Fluff rules when it comes to corporate shareholder value improvement. At least that´s been the unhappy reality for more than twenty years as fatally incomplete ‘Managing for Value´ (MFV) approaches inflicted by consultants with more avarice than acumen seek out the over-trusting, the under-descriminating chumps, er, clients.
The search is brief. As Mark Twain quipped, you can fool some of the people all the time. For whenever a ‘hot´ management principle bubbles up, there are always some form-over-substance chief executives eager to embrace the image but never the full essence of that alchemy.
Today, no management imperative is more urgent than corporate value improvement.
That calibre of CEO welcomes a Good Housekeeping-type stamp of approval affirming that his Underperformer Corp. has ticked all the boxes on a check list for compliance with MFV consciousness.
At first, only a few in the pop business press and even the financial community realize that awareness alone means almost nothing. Speed-reading a workbook on the topic of Managing for Results is far different than actually achieving those results.
The essence of solid value improvement is ACTIONS, and always has been. Misleading metrics and spaghetti-tangled value processes have never been more than the value side-show, and never will be. But just try to persuade the empire-building CEO to ‘walk the walk´ of value, rather than only spouting dazzle-prose words.
Finally getting serious about value involves a series of disagreeable choices.
Acknowledgement that the company´s ‘business model´ achieves far less value than the chief executive once claimed, as a simple question demands a complete answer: based on objective analysis not company propaganda, is this strategy massively value-creating?

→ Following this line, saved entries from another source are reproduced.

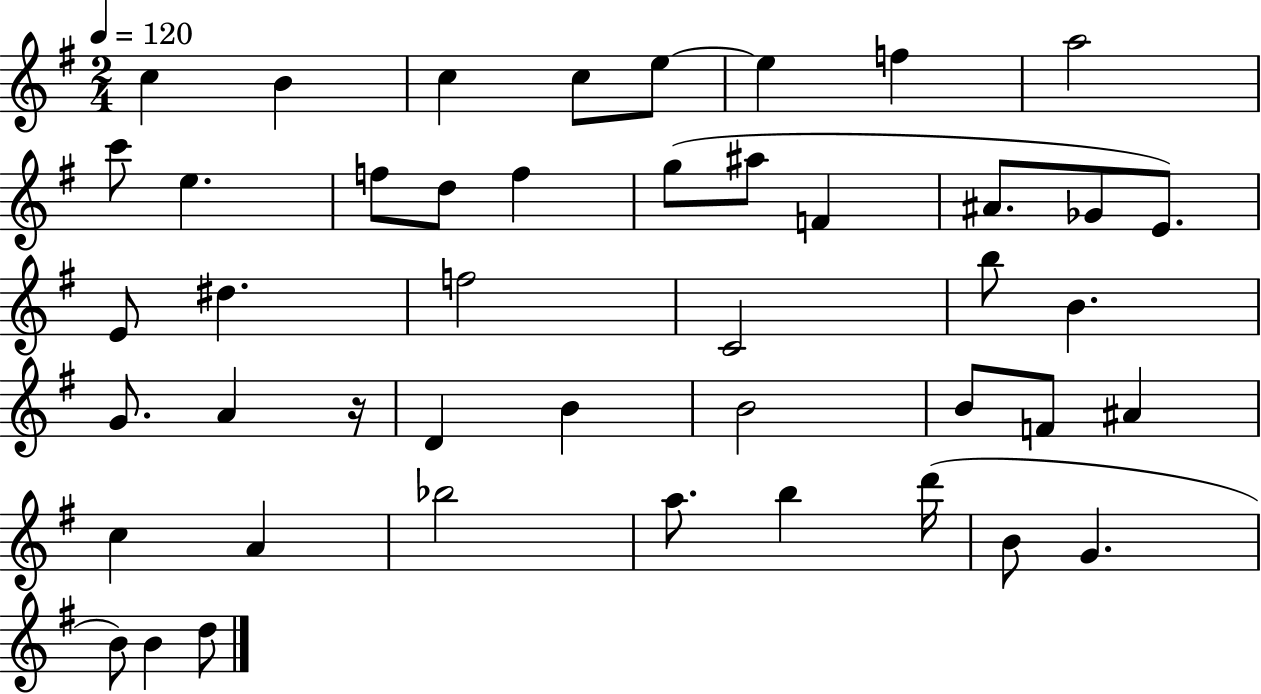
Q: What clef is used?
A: treble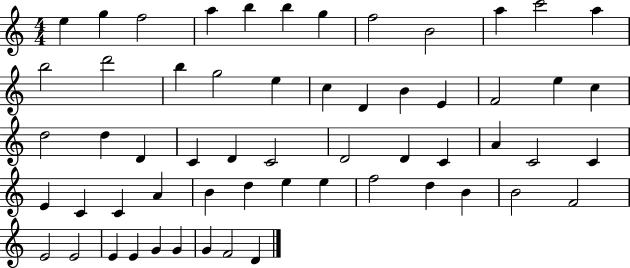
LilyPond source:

{
  \clef treble
  \numericTimeSignature
  \time 4/4
  \key c \major
  e''4 g''4 f''2 | a''4 b''4 b''4 g''4 | f''2 b'2 | a''4 c'''2 a''4 | \break b''2 d'''2 | b''4 g''2 e''4 | c''4 d'4 b'4 e'4 | f'2 e''4 c''4 | \break d''2 d''4 d'4 | c'4 d'4 c'2 | d'2 d'4 c'4 | a'4 c'2 c'4 | \break e'4 c'4 c'4 a'4 | b'4 d''4 e''4 e''4 | f''2 d''4 b'4 | b'2 f'2 | \break e'2 e'2 | e'4 e'4 g'4 g'4 | g'4 f'2 d'4 | \bar "|."
}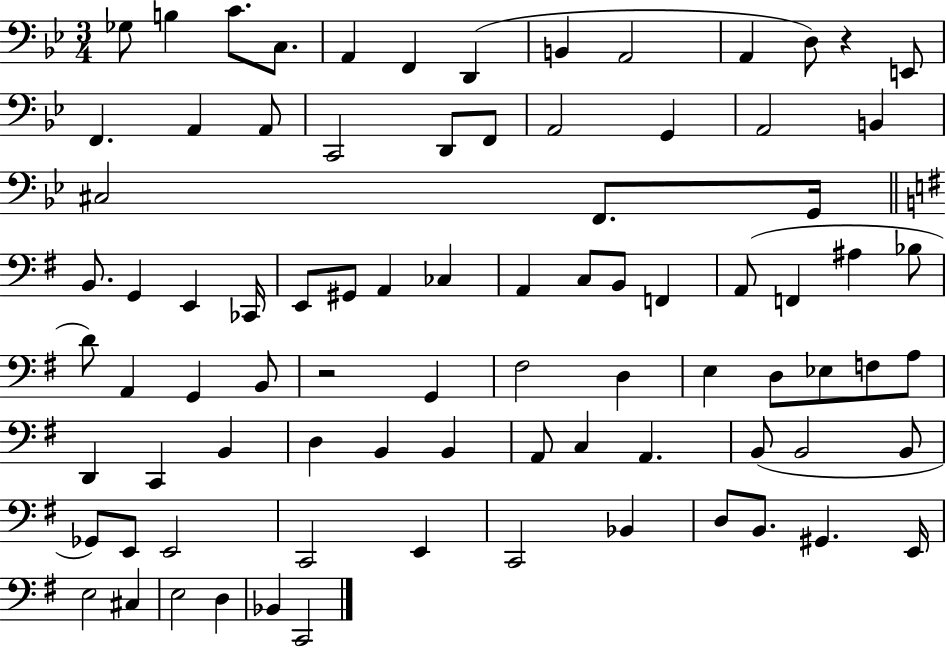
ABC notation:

X:1
T:Untitled
M:3/4
L:1/4
K:Bb
_G,/2 B, C/2 C,/2 A,, F,, D,, B,, A,,2 A,, D,/2 z E,,/2 F,, A,, A,,/2 C,,2 D,,/2 F,,/2 A,,2 G,, A,,2 B,, ^C,2 F,,/2 G,,/4 B,,/2 G,, E,, _C,,/4 E,,/2 ^G,,/2 A,, _C, A,, C,/2 B,,/2 F,, A,,/2 F,, ^A, _B,/2 D/2 A,, G,, B,,/2 z2 G,, ^F,2 D, E, D,/2 _E,/2 F,/2 A,/2 D,, C,, B,, D, B,, B,, A,,/2 C, A,, B,,/2 B,,2 B,,/2 _G,,/2 E,,/2 E,,2 C,,2 E,, C,,2 _B,, D,/2 B,,/2 ^G,, E,,/4 E,2 ^C, E,2 D, _B,, C,,2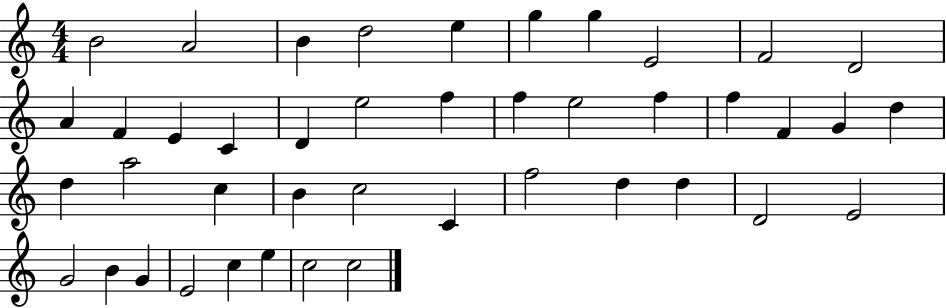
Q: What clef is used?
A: treble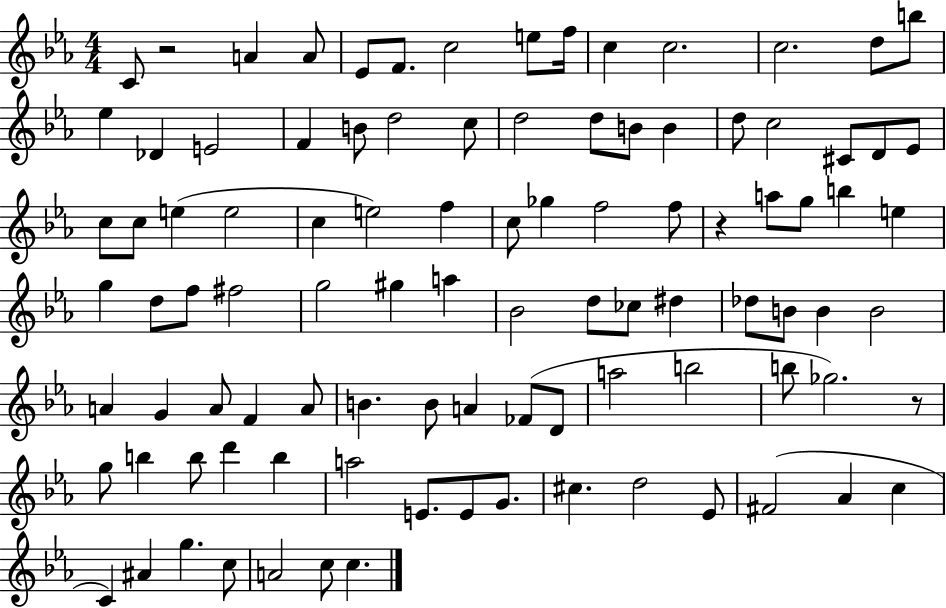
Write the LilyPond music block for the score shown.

{
  \clef treble
  \numericTimeSignature
  \time 4/4
  \key ees \major
  c'8 r2 a'4 a'8 | ees'8 f'8. c''2 e''8 f''16 | c''4 c''2. | c''2. d''8 b''8 | \break ees''4 des'4 e'2 | f'4 b'8 d''2 c''8 | d''2 d''8 b'8 b'4 | d''8 c''2 cis'8 d'8 ees'8 | \break c''8 c''8 e''4( e''2 | c''4 e''2) f''4 | c''8 ges''4 f''2 f''8 | r4 a''8 g''8 b''4 e''4 | \break g''4 d''8 f''8 fis''2 | g''2 gis''4 a''4 | bes'2 d''8 ces''8 dis''4 | des''8 b'8 b'4 b'2 | \break a'4 g'4 a'8 f'4 a'8 | b'4. b'8 a'4 fes'8( d'8 | a''2 b''2 | b''8 ges''2.) r8 | \break g''8 b''4 b''8 d'''4 b''4 | a''2 e'8. e'8 g'8. | cis''4. d''2 ees'8 | fis'2( aes'4 c''4 | \break c'4) ais'4 g''4. c''8 | a'2 c''8 c''4. | \bar "|."
}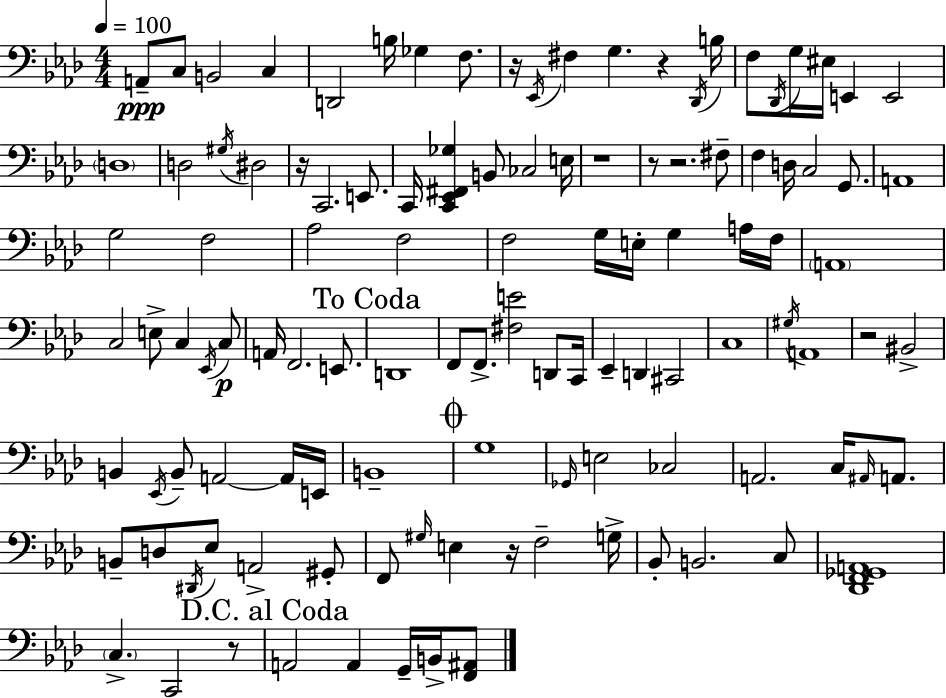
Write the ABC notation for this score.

X:1
T:Untitled
M:4/4
L:1/4
K:Fm
A,,/2 C,/2 B,,2 C, D,,2 B,/4 _G, F,/2 z/4 _E,,/4 ^F, G, z _D,,/4 B,/4 F,/2 _D,,/4 G,/4 ^E,/4 E,, E,,2 D,4 D,2 ^G,/4 ^D,2 z/4 C,,2 E,,/2 C,,/4 [C,,_E,,^F,,_G,] B,,/2 _C,2 E,/4 z4 z/2 z2 ^F,/2 F, D,/4 C,2 G,,/2 A,,4 G,2 F,2 _A,2 F,2 F,2 G,/4 E,/4 G, A,/4 F,/4 A,,4 C,2 E,/2 C, _E,,/4 C,/2 A,,/4 F,,2 E,,/2 D,,4 F,,/2 F,,/2 [^F,E]2 D,,/2 C,,/4 _E,, D,, ^C,,2 C,4 ^G,/4 A,,4 z2 ^B,,2 B,, _E,,/4 B,,/2 A,,2 A,,/4 E,,/4 B,,4 G,4 _G,,/4 E,2 _C,2 A,,2 C,/4 ^A,,/4 A,,/2 B,,/2 D,/2 ^D,,/4 _E,/2 A,,2 ^G,,/2 F,,/2 ^G,/4 E, z/4 F,2 G,/4 _B,,/2 B,,2 C,/2 [_D,,F,,_G,,A,,]4 C, C,,2 z/2 A,,2 A,, G,,/4 B,,/4 [F,,^A,,]/2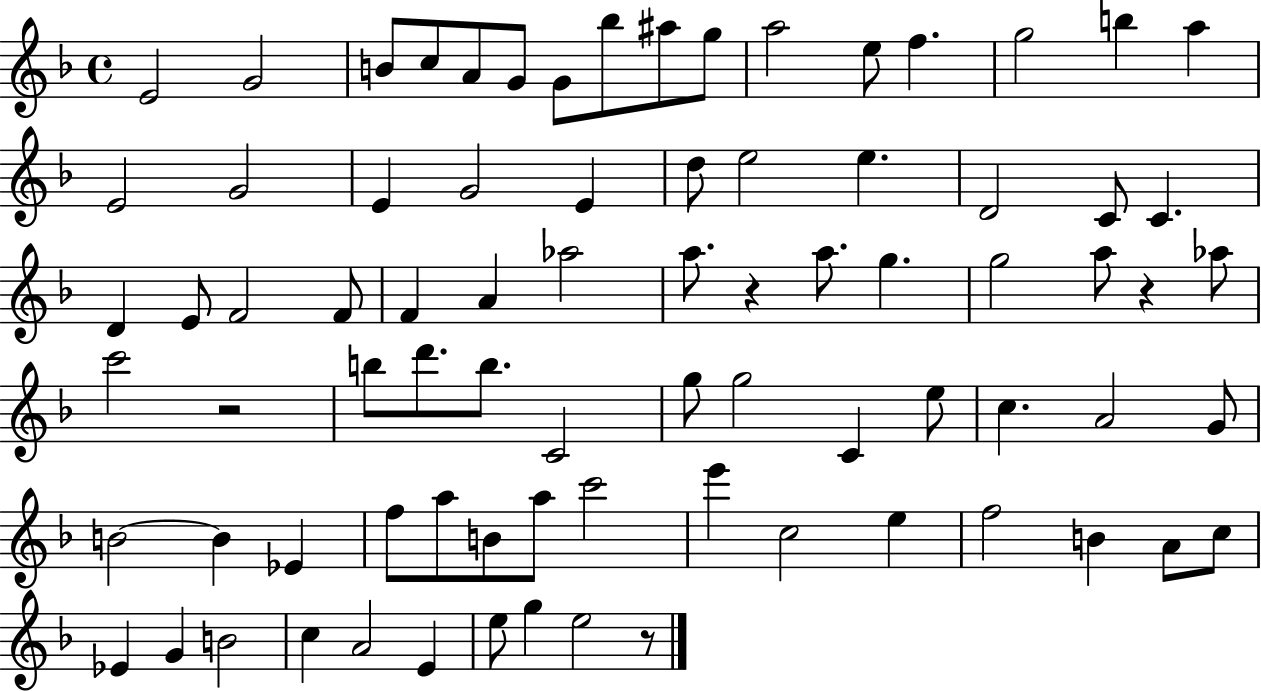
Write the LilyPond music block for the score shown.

{
  \clef treble
  \time 4/4
  \defaultTimeSignature
  \key f \major
  e'2 g'2 | b'8 c''8 a'8 g'8 g'8 bes''8 ais''8 g''8 | a''2 e''8 f''4. | g''2 b''4 a''4 | \break e'2 g'2 | e'4 g'2 e'4 | d''8 e''2 e''4. | d'2 c'8 c'4. | \break d'4 e'8 f'2 f'8 | f'4 a'4 aes''2 | a''8. r4 a''8. g''4. | g''2 a''8 r4 aes''8 | \break c'''2 r2 | b''8 d'''8. b''8. c'2 | g''8 g''2 c'4 e''8 | c''4. a'2 g'8 | \break b'2~~ b'4 ees'4 | f''8 a''8 b'8 a''8 c'''2 | e'''4 c''2 e''4 | f''2 b'4 a'8 c''8 | \break ees'4 g'4 b'2 | c''4 a'2 e'4 | e''8 g''4 e''2 r8 | \bar "|."
}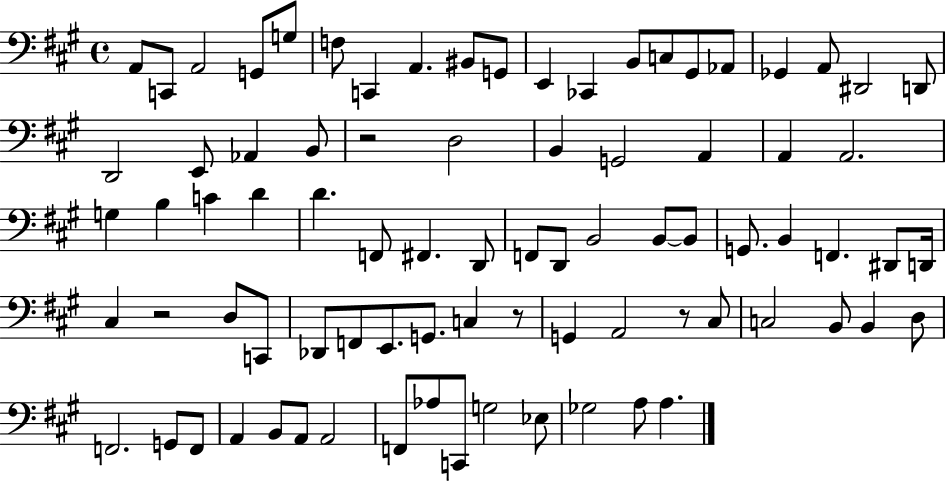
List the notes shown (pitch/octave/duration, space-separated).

A2/e C2/e A2/h G2/e G3/e F3/e C2/q A2/q. BIS2/e G2/e E2/q CES2/q B2/e C3/e G#2/e Ab2/e Gb2/q A2/e D#2/h D2/e D2/h E2/e Ab2/q B2/e R/h D3/h B2/q G2/h A2/q A2/q A2/h. G3/q B3/q C4/q D4/q D4/q. F2/e F#2/q. D2/e F2/e D2/e B2/h B2/e B2/e G2/e. B2/q F2/q. D#2/e D2/s C#3/q R/h D3/e C2/e Db2/e F2/e E2/e. G2/e. C3/q R/e G2/q A2/h R/e C#3/e C3/h B2/e B2/q D3/e F2/h. G2/e F2/e A2/q B2/e A2/e A2/h F2/e Ab3/e C2/e G3/h Eb3/e Gb3/h A3/e A3/q.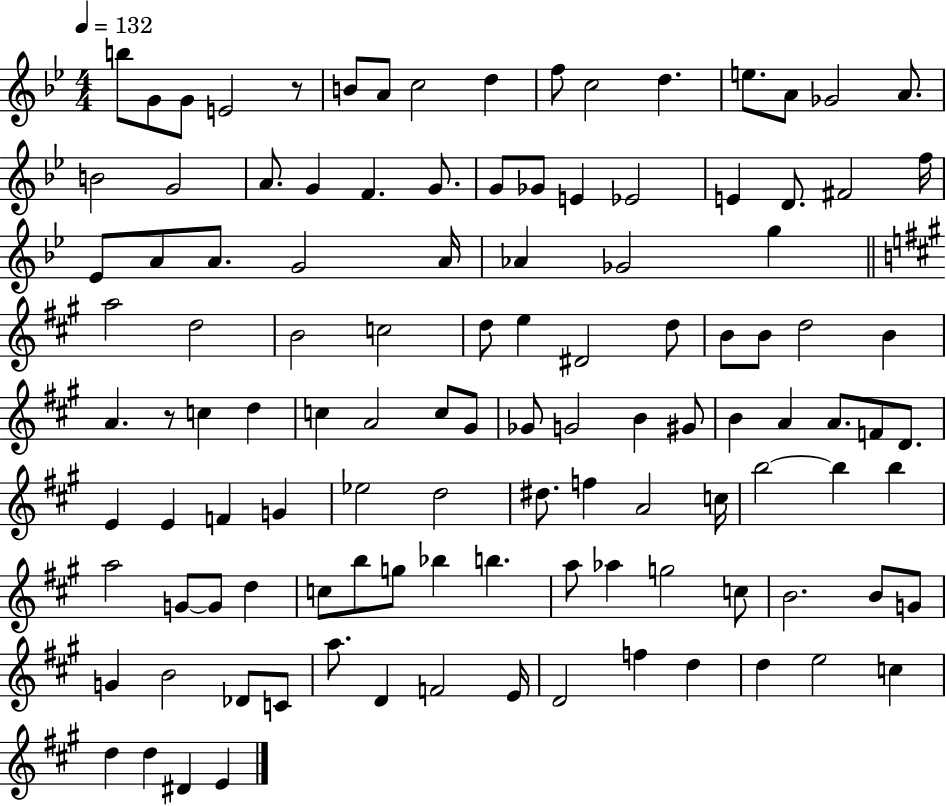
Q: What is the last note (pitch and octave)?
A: E4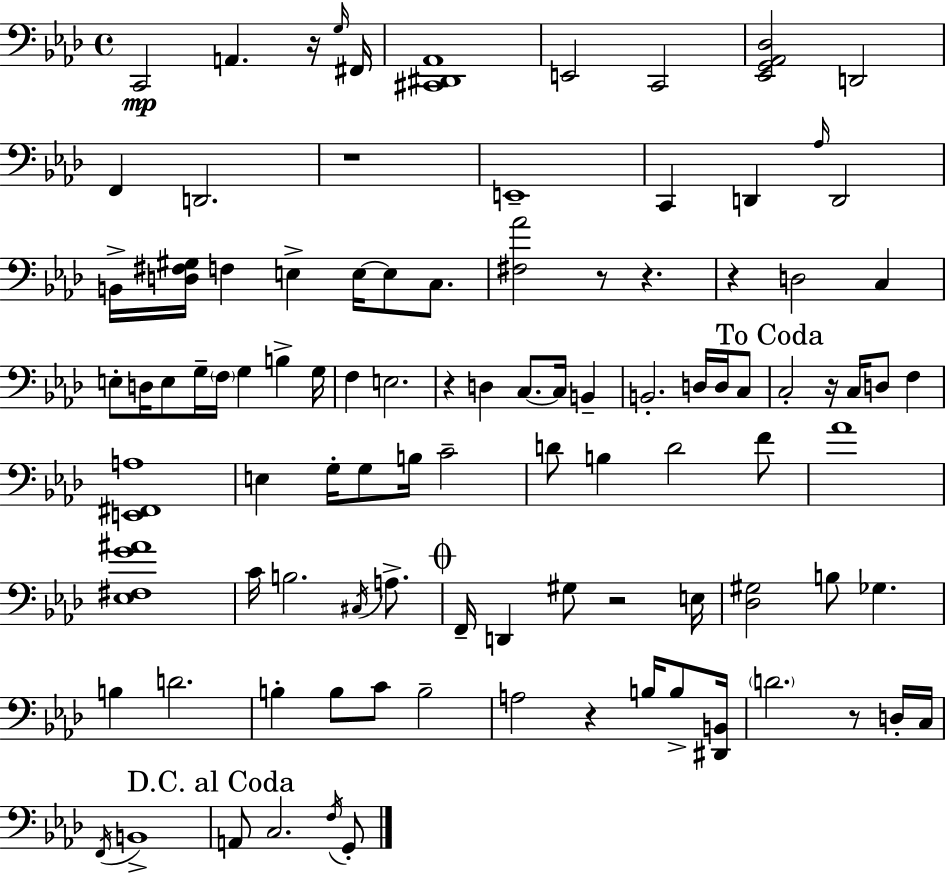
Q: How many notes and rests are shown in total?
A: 100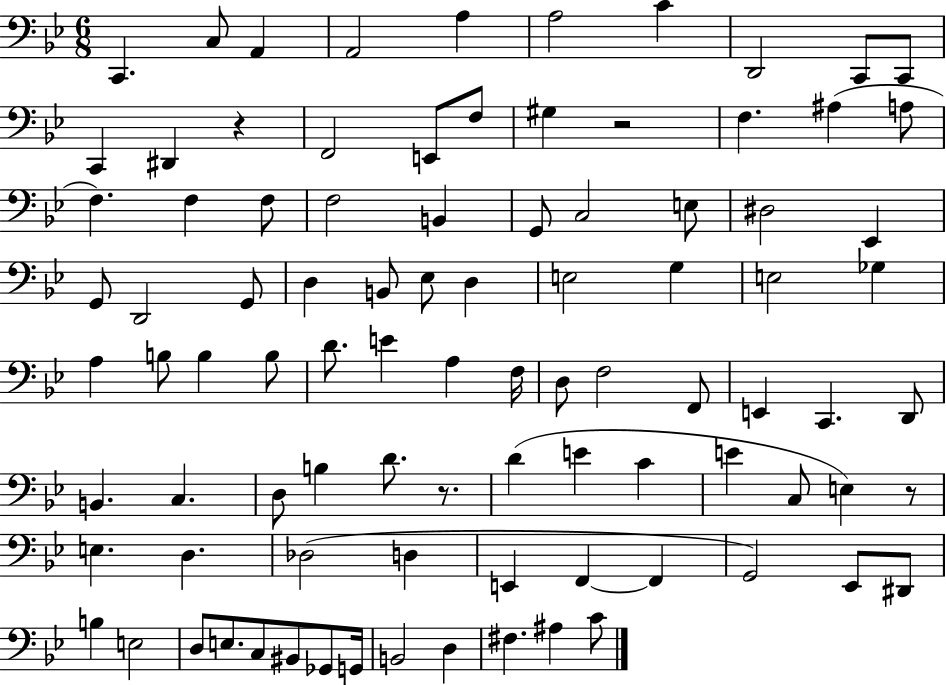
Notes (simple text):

C2/q. C3/e A2/q A2/h A3/q A3/h C4/q D2/h C2/e C2/e C2/q D#2/q R/q F2/h E2/e F3/e G#3/q R/h F3/q. A#3/q A3/e F3/q. F3/q F3/e F3/h B2/q G2/e C3/h E3/e D#3/h Eb2/q G2/e D2/h G2/e D3/q B2/e Eb3/e D3/q E3/h G3/q E3/h Gb3/q A3/q B3/e B3/q B3/e D4/e. E4/q A3/q F3/s D3/e F3/h F2/e E2/q C2/q. D2/e B2/q. C3/q. D3/e B3/q D4/e. R/e. D4/q E4/q C4/q E4/q C3/e E3/q R/e E3/q. D3/q. Db3/h D3/q E2/q F2/q F2/q G2/h Eb2/e D#2/e B3/q E3/h D3/e E3/e. C3/e BIS2/e Gb2/e G2/s B2/h D3/q F#3/q. A#3/q C4/e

Loss of the form-over-substance CEO´s internal patronage base as the Underperformer is forced to liberate itself of layer upon layer of value-depressing senior staff.
Necessary actions to stop the bleeding of ongoing value-destructive practices, which up to now have been disguised or hidden by astute spin.
Each day that the non-viable project, subsidiary or division is permitted to continue means a bit more value destruction, as reflected in the company´s valuation and share price.
Every day that the convoluted promotions process endures causes the company´s value to sink a little further.
The same goes for the market development process where only 3% of the effort (and expense) pays for itself, or the R&D laboratory where value-losing pet projects persist, lest someone point the finger of accused failure.
Is this Underperformer Company unique? No—it is the great majority. Clark & Neill´s The Value Mandate suggests that even so-called well-managed companies typically miss half the available value that is available. Value that the owners of the company are today demanding as their´s.